What happened to Usher? Wasn’t he supposed to play the part of C.C.?

LM: What happened with Usher? In the end it’s a scheduling matter and it’s a very supporting role and yet it’s in a lot of the movie, so it’s one of these roles that require being there a lot. And you weren’t able to, we couldn’t say, you can do this in three weeks, we couldn’t. You really had to give up three months. If we could have done it in three weeks I really think he would have done it, but his schedule as such, and our schedule as such, it never worked out.


This is weird to say, but how did you ‘discover’ Jennifer?

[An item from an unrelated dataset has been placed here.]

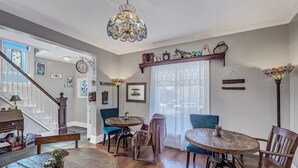 A dining area with a wooden table and chairs, a chandelier, and a staircase leading to another room. - Downtown Rustic Luxury Garden Suite (Glenwood Springs)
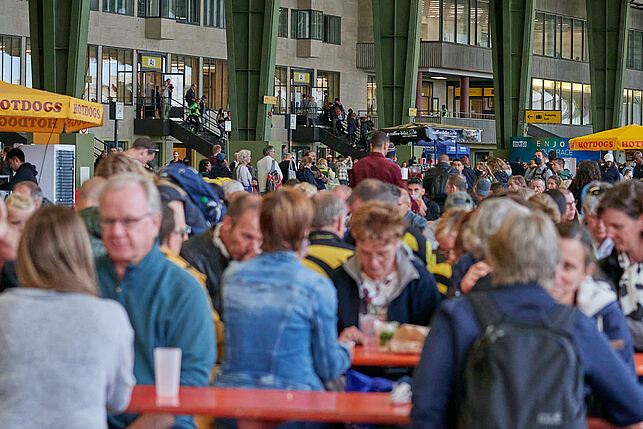 Auf dem sonnigen Flugfeld vor den Messehallen sitzen viele Menschen an Tischen, essen und unterhalten sich.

LM: Well, she was one of 80 some odd girls that came in, and then there were 20 some odd that we did screen tests with, actually it was, Jennifer did her video test in New York and Bill called me and said ‘wow this is very exciting, there’s something here’. Whoa, yeah, yeah. But for whatever reason, and it sometimes happens, that when we saw the test, when Bill saw the test, what was in the room, wasn’t on the screen. Somehow. And yet we moved on and did our thing and somehow found another way, and then in the eleventh hour, because these roles almost always cast in the eleventh hour. Movies that I’ve been, Renee Zellweger, a thousand years ago, in Jerry Maguire was the eleventh hour. Greg Kinnear in “As Good as It Gets” was the eleventh hour, I think that’s just the way it is. And in this case we were in the eleventh hour, and I said to Bill, the only time you ever called me during this process to express enthusiasm was when Jennifer Hudson, when you were working with Jennifer in New York, let’s get Jennifer back to LA, how about it, let’s do that. And he’s like, let’s do that, and we did that. And she literally they worked together for a while, and she killed, I have to ask her I don’t know if she actually got a chance to go back home, I think she literally started rehearsal in 48 hours, it was literally one of those, its ‘you’ve got the role, can you go home and get your bag?


Did you realize initially that she would have the ability to steal scenes from everyone?

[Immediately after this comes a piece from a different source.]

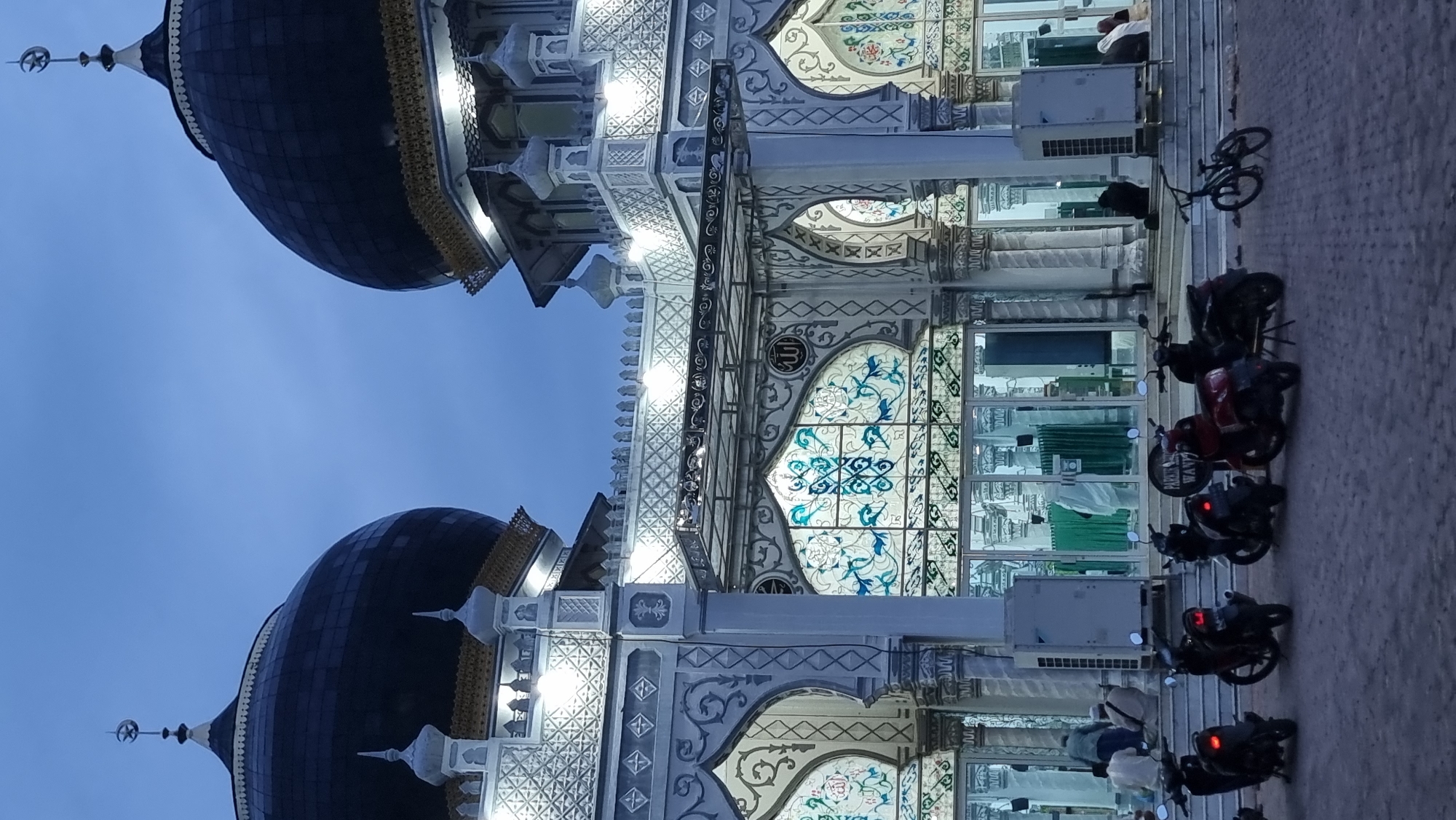 The image depicts the exterior of a mosque in Keudekruenggeukueh, Indonesia, during twilight. Two prominent dark domes, topped with crescent moons, dominate the upper portion of the frame. The mosque features intricate architectural details, including patterned facades with arched windows filled with stained glass in blue and white hues. White decorative elements and gold accents are visible on the building's exterior. Several individuals are seen near the entrance, with some seated on steps and others standing. The scene is illuminated by artificial lights that highlight the mosque's architecture. In the foreground, several motorcycles and a bicycle are parked on the paved ground in front of the mosque. The overall ambiance suggests a serene, possibly evening, scene at a place of worship.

LM: You know, you never know what you have really, until you put it all together, really, I know, you feel good about certain things and certain performances but in the end you never really feel confident about what you have until you have it. One of the nice things about a movie musical is that the rehearsal period is much longer, so in a regular movie, a newcomer like that may not find their sea legs until you are two or three weeks in, because you only have two or three weeks of rehearsal, here you have three to four months of rehearsals doing the dramatic stuff, and the dancing and the singing, so by the time we started we felt she had a firm grounding, but you never know, and I’m telling you we shot the last 3 days on the shoot, we scheduled the last 3 days of the shoot purposely to give her every possible break so she, let’s face it, that’s not a song that’s a scene


It’s impossible to do and she does it beautifully

LM: It’s a scene, it’s a monologue, it’s a song, it’s everything!


Did you see the original?

LM: The original? I did, sure.


How do you think this scene lives up to original?

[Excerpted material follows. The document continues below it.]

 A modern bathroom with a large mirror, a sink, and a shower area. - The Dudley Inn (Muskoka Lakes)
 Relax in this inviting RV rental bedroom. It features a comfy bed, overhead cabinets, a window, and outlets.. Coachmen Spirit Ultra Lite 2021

LM: I think the only answer to that is that Jennifer Holiday does an amazing job, and it’s totally different than what Jennifer Hudson does. Do I love Jennifer Holiday? Yes. Was I knocked through the roof? Of course. Hard not to be. But I have the same experience with Jennifer Hudson, but for all different reasons.


Now as the producer, did you know Hinton Battle was part of the original Broadway production?

LM: He was not from the original, I think he took over the role of James Early from Cleavant Derricks


Were you looking to add someone from the original cast to the film, like adding Loretta Devine?

LM: We love the idea of doffing the hat to the original by including someone from the original company. The reason in the end we went for Loretta was because, she was Lorrell, of course in the original, the song and here she could sing about the death of Jimmy in a song called ‘She Will Fend’, which was in the original, not at a wake or anything, so it was also sung up-tempo. It’s really wonderful to have the original Lorrell now sort of singing about the death of a man she had an affair with 25 years ago.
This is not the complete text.